7 of 116 comments (clear)

  1. Bad summary: no minister's defection by Rizzer · · Score: 4, Informative

    The summary says "A minister's defection may have effectively blocked any chance of implementation."

    But that link refers to Senator Nick Xenophon. He is an independent senator, not a Minister in the government.

    1. Re:Bad summary: no minister's defection by MichaelSmith · · Score: 5, Informative

      Xenophon used to support the filter but he withdrew support some time ago.

  2. Not dead yet! by stavros-59 · · Score: 5, Informative

    This idiotic plan is not killed and dead. The Labor government in general, and Senator Stephen Conroy in particular, have been taken aback by the strength of the opposition. The article noted in the summary only covers some of the incompetent answers given to hard questioning by the main Opposition party and one of the minority parties.

    Trials are still being underway involving 4 tiny ISPs, one medium ISP, one Christadelphian ISP and one large ISP majority owned by Singtel.

    There is no engineering, vendor neutral specification giving trial design criteria or testing methodology as the basis for the trials. There is no requirement for the ISPs to disclose which method of censorship they selected. The ISPs have been supported to the tune of $AU300,000 but there is still a $AU887,000 consultancy contract for the testing and reporting of on a system to block up to 10,000 URLs. The IWF annual report lists between 1100-1300 sites blocked by their system. Rumour has it that much of the testing in the small ISPs is using equipment from the same censorware vendor but this is not confirmed as several censorware vendors have been lobbying for the windfalls. Watchdog, using the NetClean system was involved in some separate testing undertaken by another ISP, Exetel. The Exetel trial received a great deal of criticism in the Australian internet community and Exetel customers. The trial has not been cancelled and neither has the testing consultancy.

    Any assumption that the scheme will disappear is premature.

    A list of 1000s of banned films and publications is still in existence. The censorship regime has become more and more repressive over the last 10 years. Realistically the entire basis of censorship needs serious review. It is managed by more than one government authority under several different pieces of legislation. The proposed censorship of the internet is under the control of the telecommunications authority which is yet another government authority.

    You would have to try very hard to find a more incompetent approach to anything to do with IT, networking or civil liberties all in the same package.

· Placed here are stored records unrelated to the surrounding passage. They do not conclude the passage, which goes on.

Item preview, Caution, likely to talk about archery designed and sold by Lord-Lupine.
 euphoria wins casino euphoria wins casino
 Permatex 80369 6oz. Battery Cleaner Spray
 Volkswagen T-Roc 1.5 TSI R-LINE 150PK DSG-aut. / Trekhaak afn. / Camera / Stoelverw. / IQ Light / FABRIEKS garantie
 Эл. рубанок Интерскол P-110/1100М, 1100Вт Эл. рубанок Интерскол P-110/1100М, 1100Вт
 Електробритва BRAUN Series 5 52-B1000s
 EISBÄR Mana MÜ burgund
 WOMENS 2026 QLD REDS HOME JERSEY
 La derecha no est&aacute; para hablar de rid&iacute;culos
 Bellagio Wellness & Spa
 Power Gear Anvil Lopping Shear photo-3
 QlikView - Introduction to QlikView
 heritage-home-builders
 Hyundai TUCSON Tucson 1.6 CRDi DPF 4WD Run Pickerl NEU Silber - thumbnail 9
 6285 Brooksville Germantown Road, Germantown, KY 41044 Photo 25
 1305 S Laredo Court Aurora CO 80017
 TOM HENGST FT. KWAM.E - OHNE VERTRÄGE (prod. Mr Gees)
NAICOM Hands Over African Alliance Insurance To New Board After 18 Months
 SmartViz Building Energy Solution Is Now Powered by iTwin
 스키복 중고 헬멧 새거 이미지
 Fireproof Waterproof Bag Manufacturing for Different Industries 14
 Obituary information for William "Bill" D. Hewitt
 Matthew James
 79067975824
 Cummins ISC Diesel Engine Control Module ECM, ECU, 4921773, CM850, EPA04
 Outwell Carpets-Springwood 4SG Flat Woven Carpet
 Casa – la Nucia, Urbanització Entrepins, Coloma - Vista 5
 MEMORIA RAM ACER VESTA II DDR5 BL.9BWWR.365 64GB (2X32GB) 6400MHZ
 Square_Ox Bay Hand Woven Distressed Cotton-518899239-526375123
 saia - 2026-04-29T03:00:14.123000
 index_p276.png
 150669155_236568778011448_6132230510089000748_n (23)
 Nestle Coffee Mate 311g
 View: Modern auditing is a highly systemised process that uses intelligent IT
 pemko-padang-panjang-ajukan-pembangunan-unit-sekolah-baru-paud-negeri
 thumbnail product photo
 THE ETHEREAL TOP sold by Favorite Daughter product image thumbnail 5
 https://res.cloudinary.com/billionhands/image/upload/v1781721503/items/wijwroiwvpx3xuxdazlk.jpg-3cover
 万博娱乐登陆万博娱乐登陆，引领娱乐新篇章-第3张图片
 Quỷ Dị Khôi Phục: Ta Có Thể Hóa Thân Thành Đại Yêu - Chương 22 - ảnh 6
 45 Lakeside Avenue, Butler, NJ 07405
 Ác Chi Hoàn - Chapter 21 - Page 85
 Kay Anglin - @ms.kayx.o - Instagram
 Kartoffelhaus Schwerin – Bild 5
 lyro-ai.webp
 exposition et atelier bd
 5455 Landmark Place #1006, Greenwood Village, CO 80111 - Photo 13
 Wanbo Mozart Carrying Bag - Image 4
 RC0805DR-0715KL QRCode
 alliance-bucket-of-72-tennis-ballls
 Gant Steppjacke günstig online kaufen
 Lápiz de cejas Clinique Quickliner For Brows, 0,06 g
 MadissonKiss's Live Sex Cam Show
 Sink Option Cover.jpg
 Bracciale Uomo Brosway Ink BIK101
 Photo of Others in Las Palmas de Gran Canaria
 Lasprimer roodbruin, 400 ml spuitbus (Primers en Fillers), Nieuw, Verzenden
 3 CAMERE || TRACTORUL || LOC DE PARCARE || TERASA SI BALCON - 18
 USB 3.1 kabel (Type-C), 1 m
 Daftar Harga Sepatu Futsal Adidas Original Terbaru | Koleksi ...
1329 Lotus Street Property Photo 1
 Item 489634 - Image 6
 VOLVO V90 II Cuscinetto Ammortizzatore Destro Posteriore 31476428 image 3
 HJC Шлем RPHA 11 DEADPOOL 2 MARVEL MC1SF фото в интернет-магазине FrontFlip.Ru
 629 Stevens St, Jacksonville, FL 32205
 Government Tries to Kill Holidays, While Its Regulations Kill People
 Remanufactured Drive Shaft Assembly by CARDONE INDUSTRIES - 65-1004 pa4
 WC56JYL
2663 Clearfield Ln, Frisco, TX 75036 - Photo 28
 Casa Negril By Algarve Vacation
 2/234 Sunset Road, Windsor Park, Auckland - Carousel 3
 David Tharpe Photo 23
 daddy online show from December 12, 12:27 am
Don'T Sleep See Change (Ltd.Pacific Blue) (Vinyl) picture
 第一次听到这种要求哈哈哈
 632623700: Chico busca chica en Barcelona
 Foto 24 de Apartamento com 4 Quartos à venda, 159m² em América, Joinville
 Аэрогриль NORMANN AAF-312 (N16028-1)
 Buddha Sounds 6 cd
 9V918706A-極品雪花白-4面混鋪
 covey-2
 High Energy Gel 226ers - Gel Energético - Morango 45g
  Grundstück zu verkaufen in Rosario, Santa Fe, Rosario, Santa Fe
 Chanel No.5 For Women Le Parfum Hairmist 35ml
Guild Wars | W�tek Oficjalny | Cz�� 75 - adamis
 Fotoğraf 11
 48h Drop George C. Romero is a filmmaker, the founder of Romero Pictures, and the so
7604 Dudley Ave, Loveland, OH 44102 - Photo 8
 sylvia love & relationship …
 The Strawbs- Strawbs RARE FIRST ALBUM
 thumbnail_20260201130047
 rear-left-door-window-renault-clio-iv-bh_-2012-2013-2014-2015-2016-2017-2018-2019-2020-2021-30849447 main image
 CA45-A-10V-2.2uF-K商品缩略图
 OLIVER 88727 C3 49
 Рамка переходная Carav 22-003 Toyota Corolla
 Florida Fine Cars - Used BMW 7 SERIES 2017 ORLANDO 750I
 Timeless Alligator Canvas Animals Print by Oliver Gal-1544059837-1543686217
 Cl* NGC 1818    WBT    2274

  3. Rarrrr! by Cally · · Score: 2, Informative

    OpenAustralia.org is your friend.

    --
    "None are more hopelessly enslaved than those who falsely believe they are free." -- Goethe
  4. Re:What? by teh+moges · · Score: 2, Informative

    Its already been decided by most people I have talked to that Conroy is the worst communications minister we have seen (to be fair, its a small crowd). Further to that, many think that he is the worst minister with a big portfolio.

    I think its only a matter of time before he is dumped from the role, as he would be a large liability for Rudd moving into the next election.

  5. Re:Who didn't see this coming? by Falconhell · · Score: 2, Informative

    The particular debate refered to was the SBS show insight. This is of a much higher standard than the average TV debate show. It even had Network engineer Mark Newton, one of the leading opponents of the scheme there, and he managed to get this main points accross. Conroy did not look happy at having to respond to well informed crticism.

  6. Re:Yeah, great... try that in the UK by Meski · · Score: 2, Informative

    It's traditional for our communications ministers to be incompetent. Name one in the past few decades who hasn't been.